Ainsley added: “Without a better deal for working families, and a social security system that provides a public service for all of us, the UK faces further division and deeper poverty. That better deal needs to encompass the basics we all need – from building new homes to funding social security and bringing better jobs to all parts of the country.”

“If the next decade is to see true levelling up it will be because we have broken the grip of poverty and unlocked the UK’s potential, not because we invested in eye-catching schemes. As a nation we have made progress before and we can and must do so again with this new government and a new settlement after Brexit.”

Responding to the report, Councillor Richard Watts, chair of the Local Government Association’s resources board, said: “[This] report shows that in order to tackle poverty and promote social mobility, policies cutting across a wide range of areas – such as education, employment support, welfare, health and affordable housing – need to be considered together.

“Councils understand the challenges and opportunities of their communities best and want every resident to have a good quality of life and to be able to improve their circumstances regardless of their background or where they live.
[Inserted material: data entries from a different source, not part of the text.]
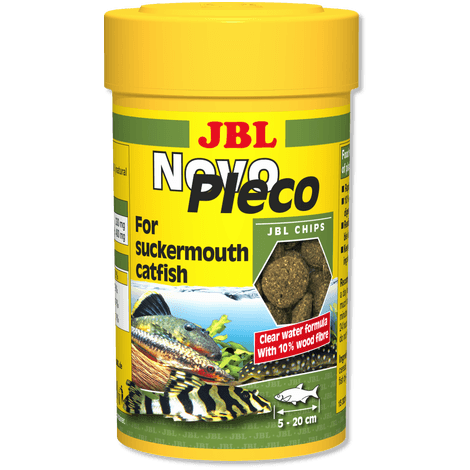 JBL Novopleco Fish Food 133gm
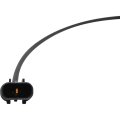 Abs Wheel Speed Sensor For 1996 2001 Mitsubishi Lancer Mk4 Mk6 2 0 Turbo Front Left Replaces Mr249447 Abs190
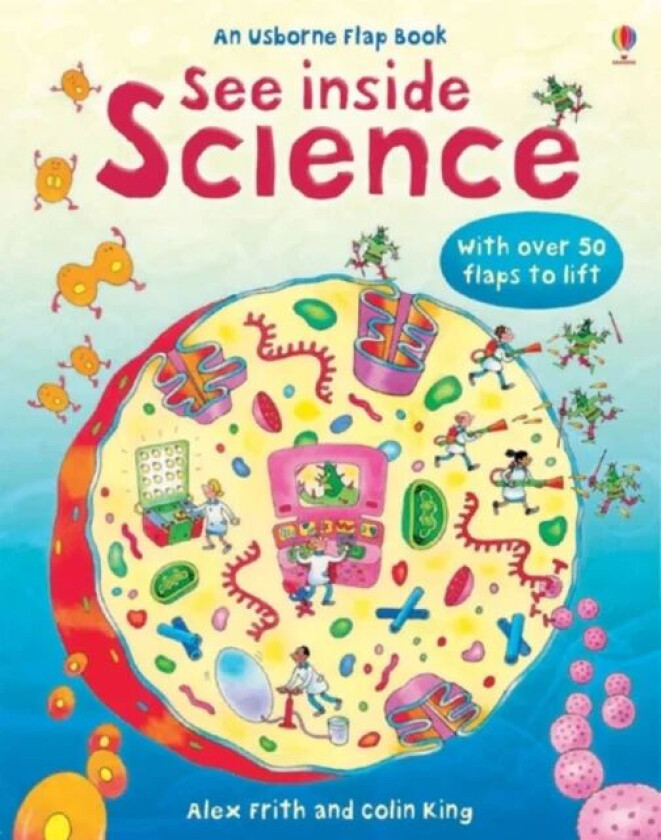 See Inside Science av Alex Frith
With the right funding and flexibilities, councils can better support low-income and disadvantaged households, lift thousands out of poverty and help the Government realise its commitment to level up communities across the country.
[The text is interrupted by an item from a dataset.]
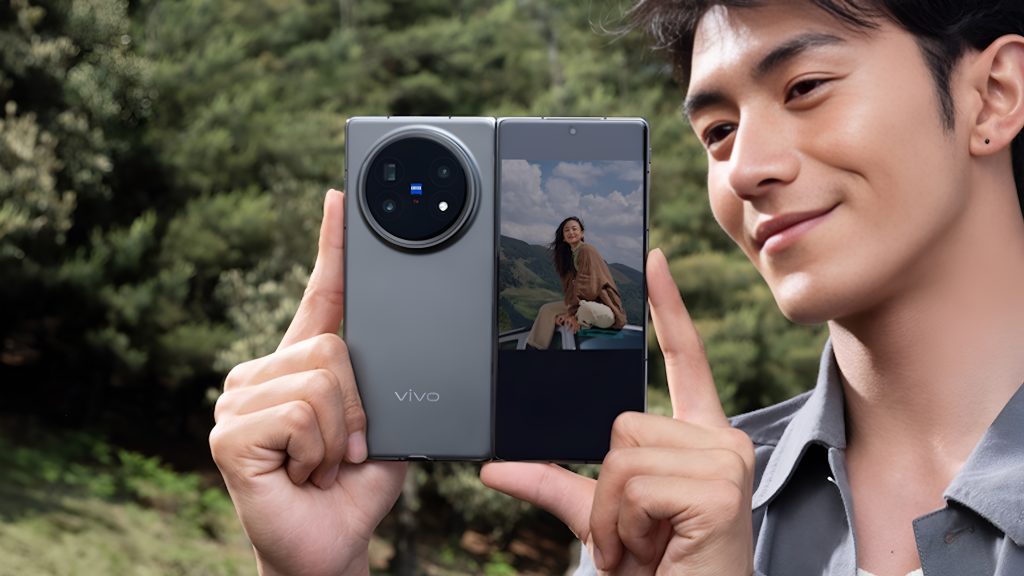 Vivo X Fold6 Camera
“This includes the ability for councils to resume their historic role as major builders of affordable homes and handing control of national employment schemes to local areas who can target skills, careers advice and employment support more effectively to help people get on in life and progress their careers.”

Labour’s shadow work and pensions secretary, Margaret Greenwood MP, called the JRF’s report a “wake up call” for the Government.

“One in five of the UK population is living in poverty, more children and pensioners are in poverty now than five years ago, working single parents have been swept fastest into poverty and in-work poverty is on the rise,” she added.

“Too many people are trapped in low paid insecure work and all too often the social security system fails to give people the support they need.

“The Government should make tackling poverty a top priority by providing a living wage of at least £10 an hour for all workers aged 16 and over and create a social security system that treats people with respect and is there for any one of us in our time of need.”